Posted by: Susan at October 14, 2004 11:34 PM

"I guess that really wasn't a question."

That's good, bc I don't really have an answer. I forced myself to not watch the final debate--like you, I think the whole process is too cynical now to be of much value. And I just have such a strong, negative, visceral reaction every time W opens his mouth that it just makes me angry.

From your description, though, that move sounds either shrewd or cynical. Shrewd would be if W actually recognized, at the moment, that he was about to shoot himself in the foot, and stopped. Honestly, I think that the mainstream media has a stake in keeping the race close (better stories that way), and the only way to do that is to give W more credit than I think he deserves. Maybe he recognized that he was sawing off the limb that he was sitting on. (Could I mix more metaphors in here?)

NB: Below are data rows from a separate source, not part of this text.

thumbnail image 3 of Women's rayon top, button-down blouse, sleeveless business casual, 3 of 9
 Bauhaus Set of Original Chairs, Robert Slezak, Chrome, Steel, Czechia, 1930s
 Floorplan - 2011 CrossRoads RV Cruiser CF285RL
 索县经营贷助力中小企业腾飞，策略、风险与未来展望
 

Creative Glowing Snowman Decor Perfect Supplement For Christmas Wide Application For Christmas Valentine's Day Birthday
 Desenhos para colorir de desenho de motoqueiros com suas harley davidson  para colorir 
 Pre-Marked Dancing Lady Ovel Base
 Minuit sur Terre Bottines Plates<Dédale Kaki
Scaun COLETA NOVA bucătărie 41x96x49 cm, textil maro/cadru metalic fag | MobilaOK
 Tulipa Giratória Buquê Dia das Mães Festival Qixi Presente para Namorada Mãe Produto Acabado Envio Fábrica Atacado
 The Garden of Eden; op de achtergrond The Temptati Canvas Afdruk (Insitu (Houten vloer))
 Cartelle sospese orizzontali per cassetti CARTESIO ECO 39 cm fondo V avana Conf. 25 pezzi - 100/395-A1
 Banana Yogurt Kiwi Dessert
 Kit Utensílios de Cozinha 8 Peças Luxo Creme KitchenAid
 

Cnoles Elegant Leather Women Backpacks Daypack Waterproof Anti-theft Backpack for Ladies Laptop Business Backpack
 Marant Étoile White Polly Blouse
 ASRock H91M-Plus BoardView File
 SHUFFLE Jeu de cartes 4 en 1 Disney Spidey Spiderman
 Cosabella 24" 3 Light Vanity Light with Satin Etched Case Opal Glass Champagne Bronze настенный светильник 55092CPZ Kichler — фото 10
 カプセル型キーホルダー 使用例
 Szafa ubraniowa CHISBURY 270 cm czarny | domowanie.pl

The cynical version is that it was scripted by Rove or whomever, and was one of those improper lines you see in courtrooms which are then withdrawn after the other side objects. iow, you make your point, withdraw it, but it still registers with the jury (or the voters). "The jury will disregard blah blah blah," but of course they can't. Much like the FAUX news "manicure" story after the first debate, you can retract the comment without retracting the sense of the comment.

Okay, now take this analysis, multiply it by the other 89 minutes of the debate, and you'll see why it just doesn't make sense for me to watch...sigh ;-)

Posted by: collin at October 15, 2004 03:07 PM

Though I didn't watch the debate, I'm with Collin's "Rove" theory. I put nothing past that guy. And an administration whose staffers suggest people who are underemployed simply need Prozac clearly have the gloves off.

Posted by: Susan at October 15, 2004 08:13 PM

I scoffed at the part when Sen. Kerry said we were going to kill, then capture the terrorists. We are going to kill, then capture? Gee, kill, then ask questions later? That sounds like a Bush idea (and I am supporting Kerry, so go figure!).